Sistem Esnekliğini Artırmak İçin Gereken Seçeneklerin Maliyet ve Faydaları

Sistem Esnekliğini Artırmak İçin Gereken Seçeneklerin Maliyet ve Faydaları

2018 sonu itibarıyla Türkiye’de kurulu bulunan, toplamda 5 gigavattan (GW) fazla fotovoltaik (PV) ve yaklaşık 7 GW kara üstü (onshore) rüzgâr enerjisi kapasitesi ülkenin toplam kurulu elektrik üretim kapasitesinin yaklaşık %14’ünü oluşturmaktadır. Güneş ve kara üstü rüzgâr türbinlerinin toplam elektrik üretimi 2018 yılında Türkiye’nin toplam yıllık elektrik talebinin %10’undan biraz azını karşılamıştır. SHURA’nın şebeke çalışmasına göre planlanan rüzgâr ve güneş enerjisi kapasitesinin 2026’ya kadar üç katına, yani 60 GW’a çıkarılması mümkün. Bu da günümüze oranla güneş ve rüzgar payını günümüzdeki seviyenin üç katına, yani %30 seviyesine çıkaracaktır. Ancak bu büyüklükteki bir kapasitenin entegre edilmesinin, örneğin daha esnek kömür santralleri, talep tarafı katılımı ya da enerji depolama gibi seçeneklerin devreye sokulmasıyla daha esnek bir enerji sistemi gerektirmekte.

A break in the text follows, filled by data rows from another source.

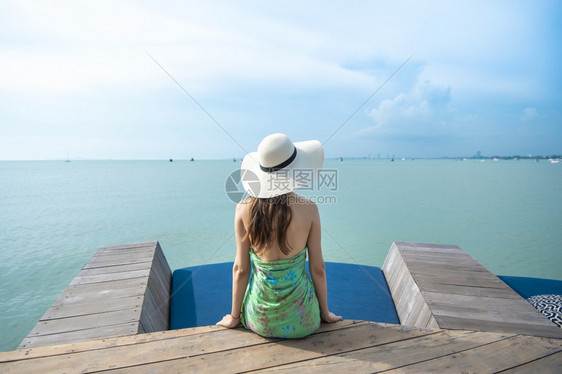 在海滩上戴白帽子的后背女人图片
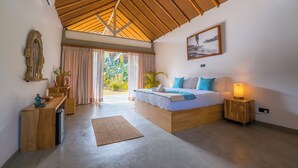 A bedroom with a wooden ceiling, a bed with pillows, a bedside lamp, a small wooden cabinet, and a large window with curtains. - The Jungalows (Lunukalapuwa)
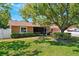 Beautiful single-story house surrounded by a well-manicured lawn, mature trees, and verdant shrubbery at 506 Spring Tree Ct, Tarpon Springs, FL 34689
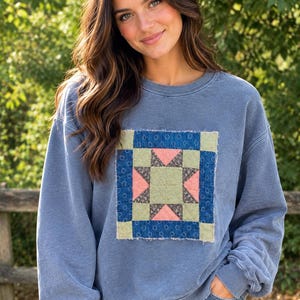 May include: A blue crewneck sweatshirt featuring a square quilt-style patch on the chest. The patch displays a central star pattern in shades of sage green, coral pink, and dark brown, framed by a dark blue border with a white circular print.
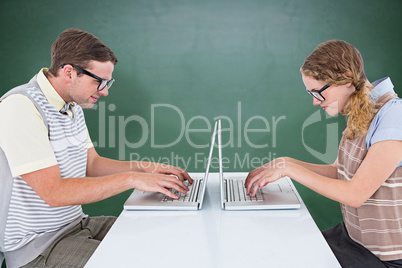 Composite image of geeky hipster couple using laptop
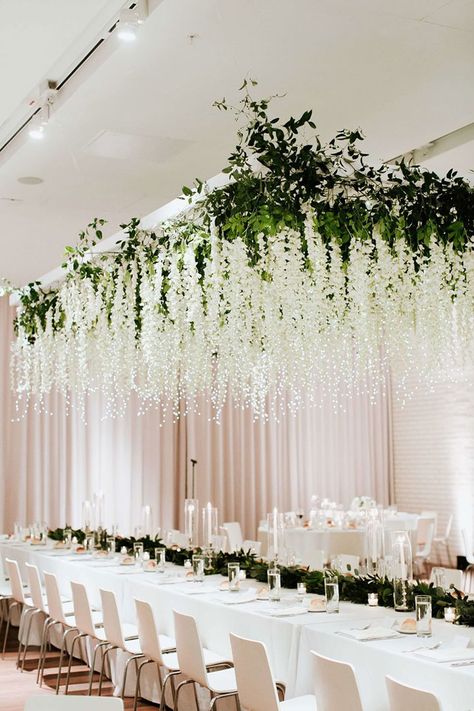 Most Magical Hanging Floral Installation With Fairy Lights ~ loving this display by Stems Floral Design + Production featuring fairy lights and hanging white wisteria Hanging Flowers Wedding, Wisteria Wedding, Vine Decoration, Beautiful Wedding Centerpiece, Flower Ceiling, Wedding Ceiling, Table Centerpiece Decorations, Arch Decoration Wedding, Hanging Garland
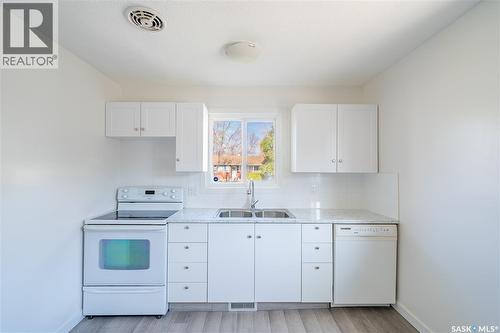 3111 Dewdney Avenue E, Regina, SK - Indoor Photo Showing Kitchen With Double Sink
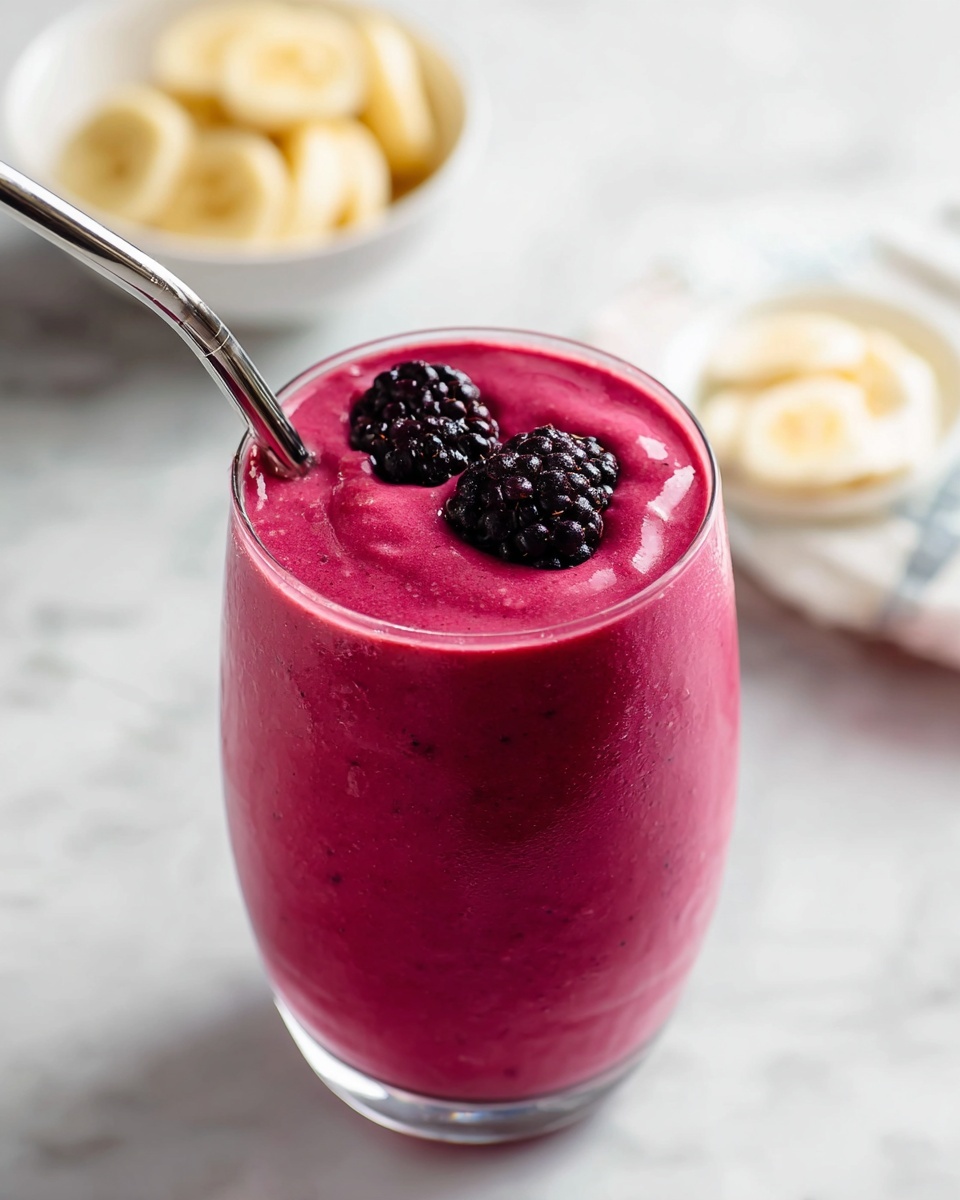 A smooth bright pink smoothie fills a clear round glass, almost to the top, showing a thick texture with small bubbles on the surface and sides. On top of the smoothie, two dark purple-black blackberries sit as a garnish, adding a bumpy texture. A shiny metal straw leans against the glass, slightly bent near the top. The glass rests on a white marbled surface with a soft blurred background that keeps focus on the drink. photo taken with an iphone --ar 4:5 --v 7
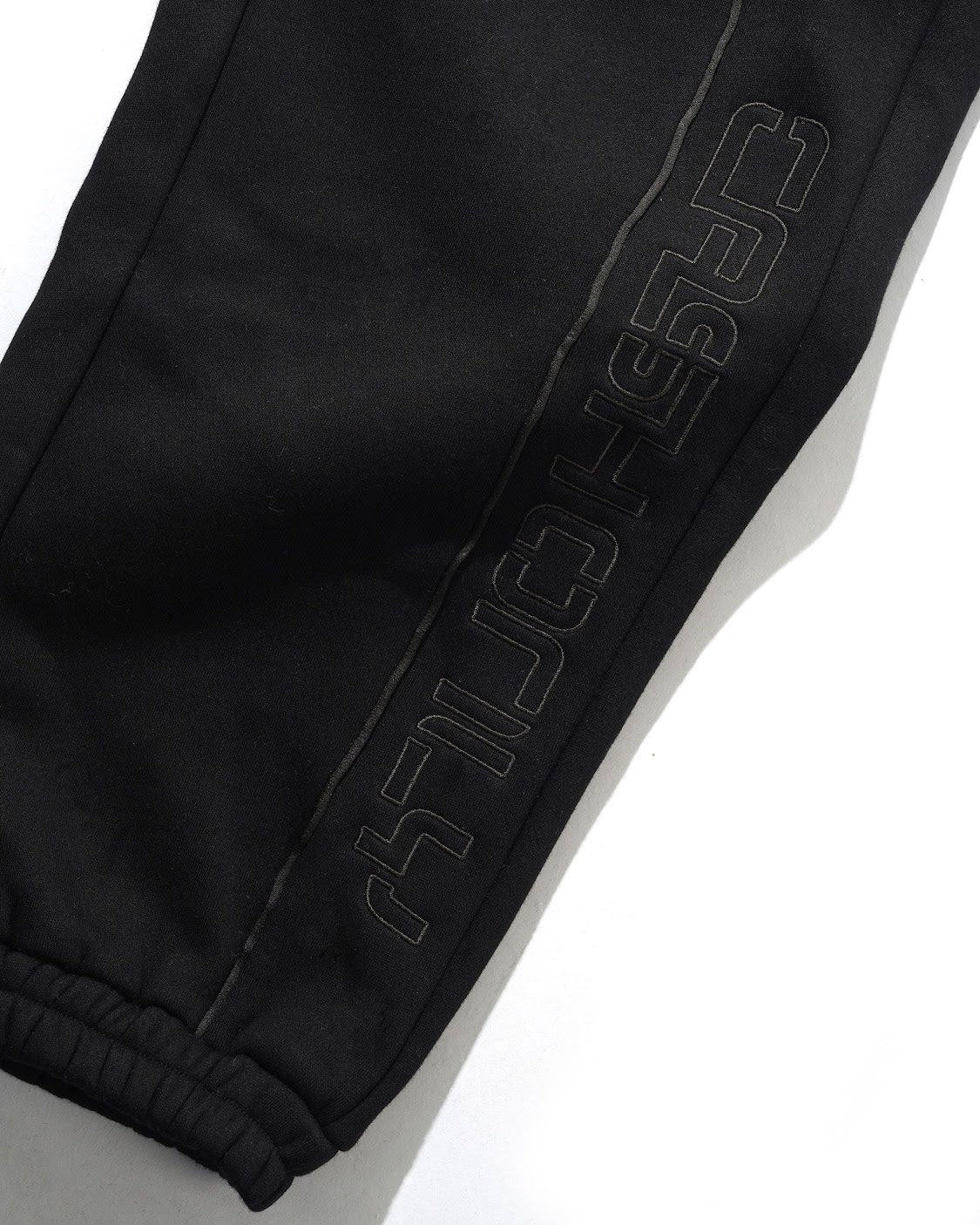 Black pants with a brand logo on a white background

Seçilen esneklik seçenekleri portföyünün toplam ek maliyeti MWh başına 1,7 Euro ile 3,4 Euro gibi yüksek bir düzey, yani 2026 sistem LCOE’sinin %4,5’i ile %8,9’u arasında değişmektedir. Ekde edilen toplam fayda ise MWh başına 1,3 Euro ile 1,5 Euro, yani sistem LCOE’sinin %3,5’i ile %4,0’ü arasında değişmekte. Bu esneklik seçeneklerini sisteme kazandırmak için, farklı gereksinimlerinin yanı sıra optimum maliyetli sistem esnekliğine ulaşılmasını mümkün kılan bir piyasa tasarımını da göz önünde bulunduran politika mekanizmaları gerekecek.

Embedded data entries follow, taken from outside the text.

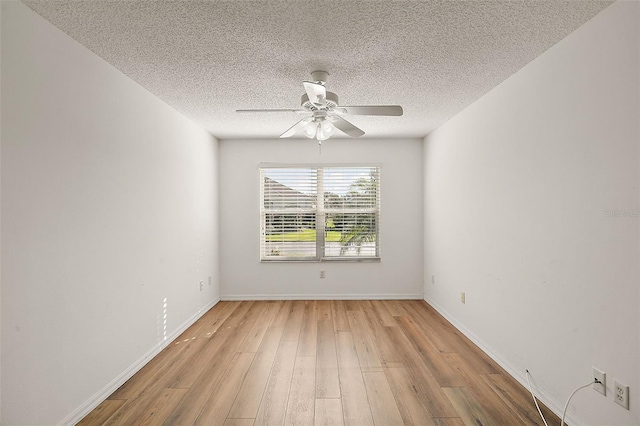 empty room with ceiling fan, light hardwood / wood-style floors, and a textured ceiling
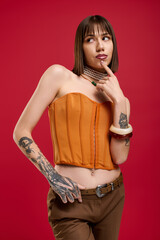 Young woman in stylish orange corset outfit poses playfully against a vibrant background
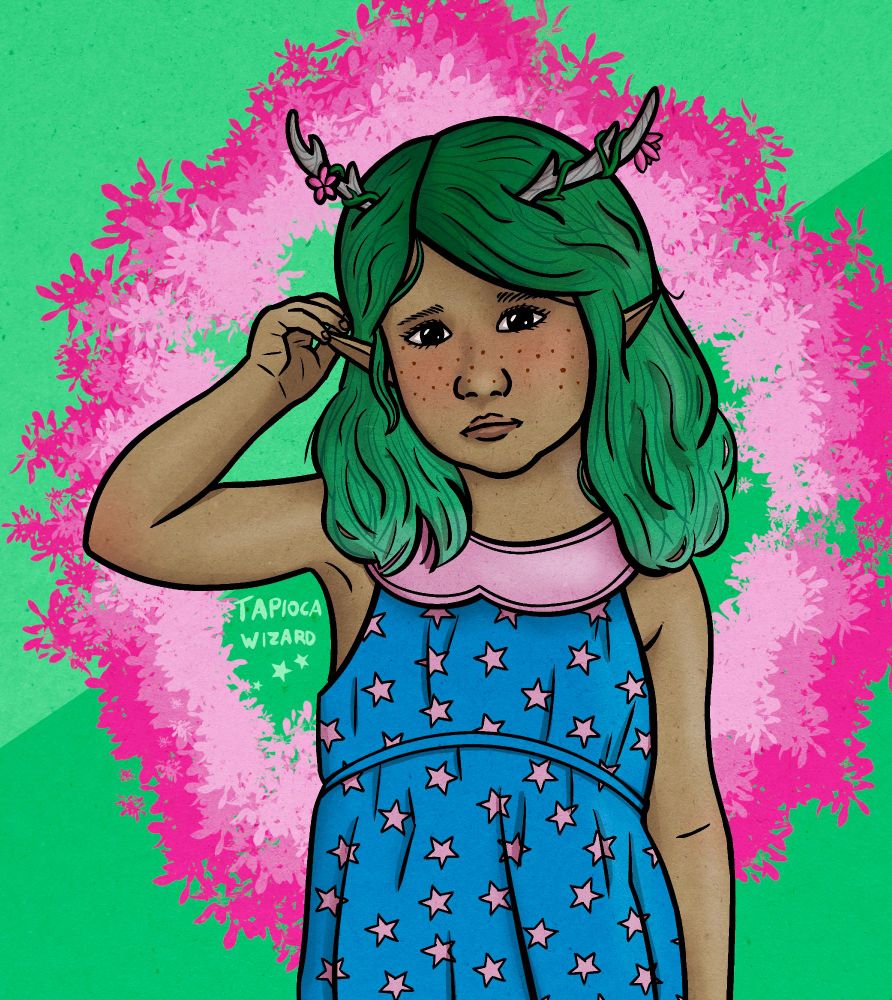 A digital illustration of a toddler girl with green hair and small antlers on her head. She has medium-brown skin and freckles, and her ears are pointed in an elven shape. She wears a blue dress with pink stars and a pink collar. Her antlers have small vines wrapped around them, seemingly growing out of her head as well, and there are also small pink flowers. She is playing with one ear as a shy fidget. 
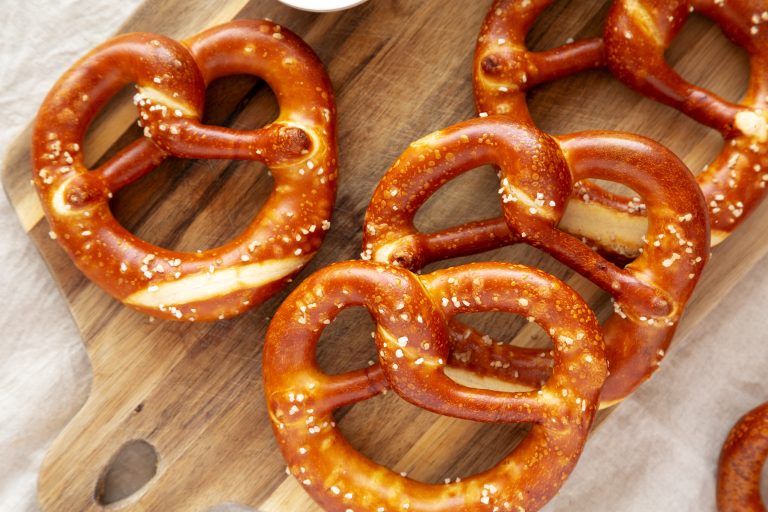 homemade,soft,bavarian,pretzels,with,mustard,on,a,wooden,board,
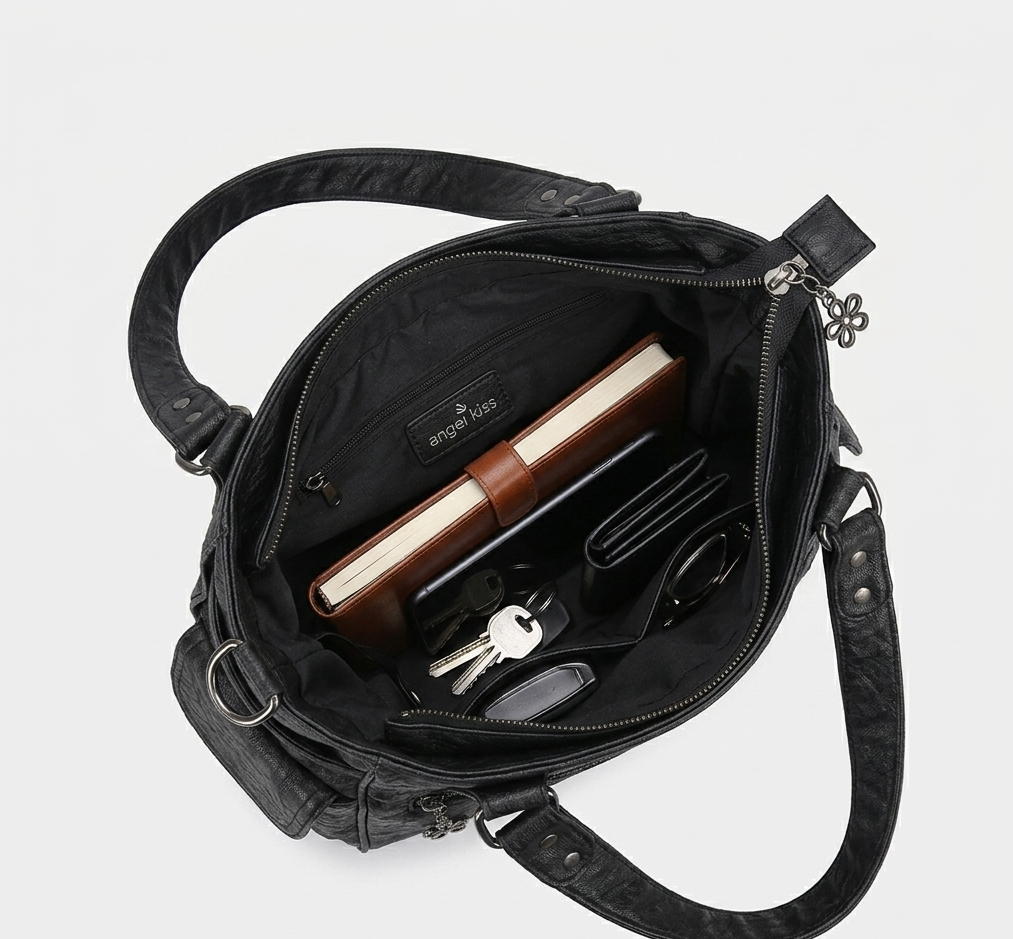 Black leather bag with compartments containing a notebook, pen, and other items on a white background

Bu çalışmanın sonuçlarından hareketle Türkiye’deki enerji planlamacılarına, şebeke operatörlerine, piyasa düzenleyecilerine ve enerji sektörünün değerlendirmesine sunulmak üzere şu beş tavsiye belirlenmiştir:

  1. Arz-talep dengesini sağlamak ve sistemin esnekliğini artırmak üzere, coğrafi açıdan ayrıntılı bir strateji temelinde rüzgâr ve güneş enerjisine yönelik kapsamlı bir şebeke entegrasyon planı hazırlanması,
  2. Mevcut esneklik seçeneklerinin kullanılmasını ve yeni seçeneklere yatırım yapılmasını yeterli düzeyde teşvik etmek üzere düzenleyici bir çerçeve oluşturulması ve esnekliğin değerini yansıtan destekleyici politika mekanizmaları geliştirilmesi,
  3. Artan sistem esnekliği gereksinimlerine hızlı yanıt verilmesini sağlayabilecek düşük maliyetli erken fırsatlar değerlendirilmesi,
  4. Sahip olduğu avantajlar göz önünde bulundurularak, talep tarafı katılım ile ilişkili engellerin belirlenmesi ve aşılması,
  5. Batarya depolamanın, daha yüksek rüzgâr ve güneş enerjisi paylarına ulaşılmasında farklı teknolojiler için oynayabileceği rolü ve değerini ayrıntılı bir şekilde analiz ederek, bu esneklik seçeneğine ilişkin bir plan hazırlanması.